In late October ProPublica released a scathing investigation showing how Facebook allows digital advertisers to narrow their target audience based on ethnic affinities like “African-American” or “Hispanic.” The report suggested that Facebook may be in violation of federal civil rights statutes and drew parallels to Jim Crow Era “whites only” housing ads.
Facebook’s privacy and public policy manager, Steve Satterfield, told ProPublica that these ethnic filters exist to allow advertisers to test how different advertisements perform with different sections of the population. While A/B testing is standard practice at large tech companies, his comment did not address whether it is appropriate to segment these tests by ethnicity.
This type of story is increasingly common, as concern that automation in the spheres of hiring, housing, advertising, and even criminal sentencing can lead to discriminatory outcomes. ProPublica’s report isn’t Facebook’s first scandal about the company’s online algorithms encoding human biases (see the firing of human editors in the company’s “trending feature”), and it may not be its last. But there are also good reasons why this type of targeting might not always be racist, and could even be necessary to prevent discrimination.
In Fair Machine Learning, the academic field that studies the design of fair algorithms, it’s understood that rather than ignoring ethnic information, fair algorithms should explicitly use it. An elucidating example comes from a New York Times interview with Cynthia Dwork, a computer scientist at Microsoft Research. She imagines being tasked with selecting bright students for an internship, coming from one of two ethnic categories. In the minority group cultural norms result in bright students being encouraged to major in finance, whereas in the majority group they are steered towards computer science.
A fair algorithm for selecting the best students would then select minority students who majored in finance, and majority group students who majored in computer science. However, without ethnic information to identify students, an algorithm would likely only select for students who majored in computer science, since most of the qualified candidates in the aggregate population will have majored in computer science (as there are numerically more students in the majority group). This scheme would be both less fair and less accurate than the one that incorporates ethnic information.

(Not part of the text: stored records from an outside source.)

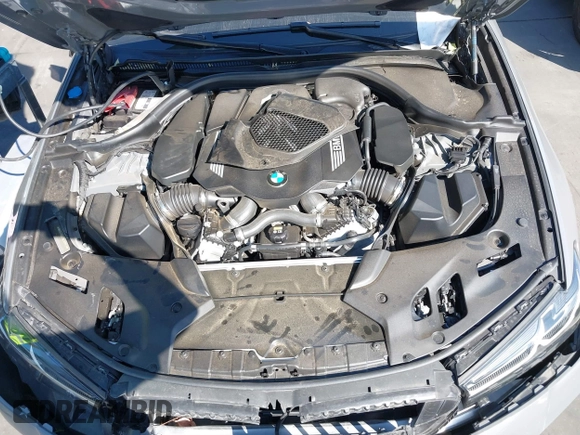 2022 BMW 5 Series M550i xDrive with VIN WBA13BK02NCJ61943, listed as a IAAI auction lot 41607980 with Not provided miles and . Bid and sale history available at DreamBid. Image 10.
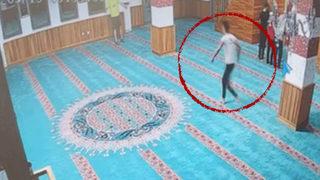 Cemaat namaz kılarken camiye elinde kazma ve ayakkabıyla girdi! Alkollü turist sınır dışı edildi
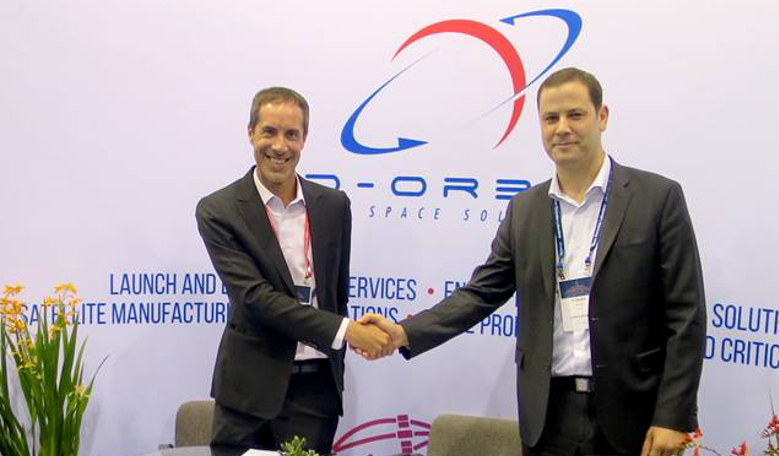 The launch agreement signed by Renato Panesi, CCO of D-Orbit, and Fabien Jordan, CEO of Astrocast.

Likewise, a Facebook platform that didn’t filter by ethnicity is not a priori guaranteed to be fair; stripping the advertisers’ inputs of racial data doesn’t prohibit discrimination in the algorithm itself. It’s tempting to think that because algorithms make decisions based on data, absent any skewed inputs they don’t exhibit the same biases a human arbiter would. But recent findings have shown this is not the case. For example, “Man is to Computer Programmer as Woman is to Homemaker?”, published this summer, illustrates how web searches could be more likely to show potential employers a male computer science student’s web page rather than a female’s. This was not due to malicious intent, but to the way Google’s neural net algorithm had learned to represent words. It had decided that the word “programmer” linked closer to the word “male” than “female.”

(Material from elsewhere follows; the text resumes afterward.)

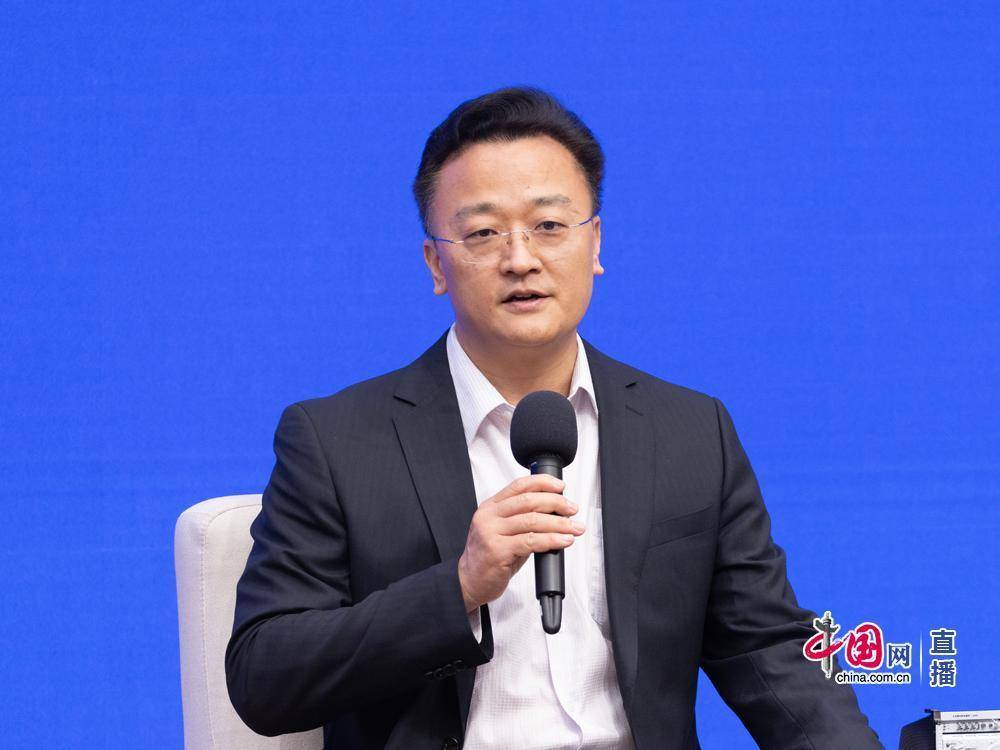 
                        4:3图片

So how do we design a fair algorithm? Before an engineer commits code to screen, she or he should determine what’s meant by fair. One approach aims to formalize John Rawls’ notion of “fair equality of opportunity,” essentially dictating that a procedure is fair if it favors person A over person B only if person A has more innate merit. This frames fairness as the way we treat individuals rather than groups of individuals. Rather than stipulating, for example, that a qualified black applicant must have the same probability of receiving a loan as a qualified white applicant, group fairness would require the percentage of blacks receiving loans to be the same as the percentage of whites receiving loans. Although both group and individual fairness seem to encode important elements of a common-sense definition of fairness, they can actually be at odds with each other in many situations: enforcing group fairness can force unfair decisions at the individual level, and vice-versa.
For example, if in the minority population there is actually a lower proportion of qualified applicants, a group-fair algorithm would necessarily have to either award loans to unqualified members of the minority group, or deny qualified applicants in the majority group. But this violates individual fairness; qualified individuals in the majority group who were denied loans were clearly treated unfairly relative to unqualified individuals in the minority group who received them.

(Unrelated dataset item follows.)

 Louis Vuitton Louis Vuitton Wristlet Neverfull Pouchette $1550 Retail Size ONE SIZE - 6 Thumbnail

While it is easy to sound the alarm when ethnic information seems to play a role in an automated system, it’s an artifact of our society’s systemic prejudices that to truly be fair we often must use such information. By the same token, an absence of an ethnic affinity filter or such like does not mean everything is fine and dandy; statistical discrimination may be lurking under the surface. Rather than stopgap measures like removing a filter when it creates a media snafu, companies like Facebook should build fairness into all of their relevant systems and invest in research focused on algorithmic fairness. Without algorithms with strong fairness properties, as well as studies examining the effects of Facebook’s advertising platform on different ethnic groups, not only can we not truly tell if those algorithms are discriminatory, Facebook probably can’t, either.
A first step seems to have come in September, when Amazon, Google, Facebook, IBM, and Microsoft announced the formation of a Partnership on AI, a coalition designed to support best practices and promote public understanding of AI and its potential impacts. Inter-disciplinary thinking will be vital to ensuring that the tremendous benefits some in society reap from machine learning do not come at the expense of subtle, but significant discrimination against others. It only seems fair.